Pushpendra: Do you find any kind of a correlation between the current pandemic situation that has hit the world and the murders of George Floyd and Breonna Taylor influencing the resistance movement to such prominence, that it feels everybody is impacted by it?

Akil: Yeah, I do. I think the pandemic coupled with the continued brutalisation of Black bodies by law enforcement agencies coupled with a total lack of a coherent response by the governing authorities at the national level of this country, all of that has contributed to it. People have had to self-quarantine. And I guess people had the chance to be still for a minute and I am talking about white people now, to see this country for what it is and they are looking at how it impacts them directly where the lie of “the structure is here to protect you and to serve you,” while the situation was such that even a lot of white people in the initial stages of the pandemic could not go and get tested. White people in the medical profession, how they were treated, they didn’t have proper equipment, they were fired. A lot of healthcare professionals were fired. They dared asked to have equipment to protect themselves because they were trying to treat people who were infected. There is again this whole dynamic, whole lie of America is now wide open. Not for those of us who have always been seeing America for what it is but for a lot of white people who had their eyes closed, they were forced to fully open them and see America for what it is. So that whole dynamic is happening. In the presidential elections, the neo-liberal structures on the Democratic side, you can see they are trying to put everything at the foot of this current Trump administration and obviously we know that all of this occurred prior to him. He came out of it. He didn’t create it but he is a manifestation of it. This whole dynamic is trying to lay and push forward the idea that we can just get rid of Trump and we can get back to “normal”, which was never normal for Black, Brown and oppressed people.

Pushpendra: I want to briefly talk about prisons. I think prisons are modern nation-states’ way to control subjugated people so as to put them literally to the extreme margin. In that context, what impact has Covid9 had on prisons? It is well known that prisons are full of subjugated people.

Akil: It is devastating. And probably much more so than we are really privy to. It is devastating. These are literally human warehouses whereby people are just existing. Because they are not living, they are existing in some of the most putrid environments that you could ever imagine. With this virus or any kind of virus, whether it is Covid19 or whatever it is, it’s just a place where spread is inevitable and predictable. There are no progressive and revolutionary groups outside to push this to the forefront. Even amongst the coverage by the mainstream media of the various protests, you hear very little about the impact of this virus on the incarcerated. Because as I said the structures are there to do just what they are doing and to function just as they are functioning. There have been movements against mass incarceration and the whole industrial complex is part of the structural and institutional systemic oppression and it functions as they designed it to function. All the movements and tactics are trying to dismantle and trying to create more space to move towards the ultimate, at least in our view, goal of self determination and totally dismantling this white supremacism.

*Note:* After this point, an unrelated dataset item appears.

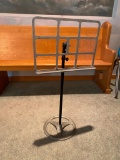 Unusual Silver and Black Metal Music Stand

Pushpendra: I will extend the question further. What is the composition of the people lodged in the prisons in the US jails? Are they from specific ethnic groups, races, social groups?

Akil: The overwhelming majority of people in the US prisons are Black and Brown. Over the past 10-12 years the fastest growing prison population is of Black women and it is the criminalisation of a race of people. That moves you from a place where you are already at a huge disadvantage, just moving about through society as a non-incarcerated person and then you are incarcerated and the trauma of incarceration — all that happens in that space. And if you are lucky enough to be able to get out then you are limited even more as a formerly incarcerated person. How do you secure employment as a formerly incarcerated person? Housing? How do you deal with the psychological trauma of being in prison? The stripping of your so called civic rights of being able to vote and whatever is again a systematic process to strip you of your humanity in this place. And they treat you as if you are nothing and you are expendable, you are invisible. We don’t have to see you.

Pushpendra: I was reading up on the kind of work your organization is doing and you have been working on the ground with people and you have networks also as you have different chapters across the country. Thus you will have a better understanding of the kind of impact Covid19 has had on the local populace, on the African-American and other oppressed communities in the USA.

Akil: It has been devastating, obviously from a health perspective. The fact that prior to this there were huge health disparities in the communities. There is a huge problem of being able to access healthcare for Black and Brown communities. But then you double that with the fact that services that are low wage jobs they now deem essential is interesting. Five months ago they were just expendable populations there to serve institutions. Folks that are working as cashiers, at convenience stores etc., now they are “essential personnel”, who have to now continue to go to these low wage, non-livable wage jobs and be exposed even more to the virus and then there are those who were laid off on jobs. So you have the double whammy of the health impact and the economic impact that continues to ravage our communities and our people. Then you have the psychological impact whereby Black and Brown people have huge and serious distrust, and rightfully so, of the healthcare industry, because of the past heinous acts by the healthcare system against Black and Brown bodies. So, you couple all of that and it is devastating for our communities and people also have huge and serious distrust, and rightfully so, of the government. So you have some sections of our community who just refused to believe mostly anything that the government put forth.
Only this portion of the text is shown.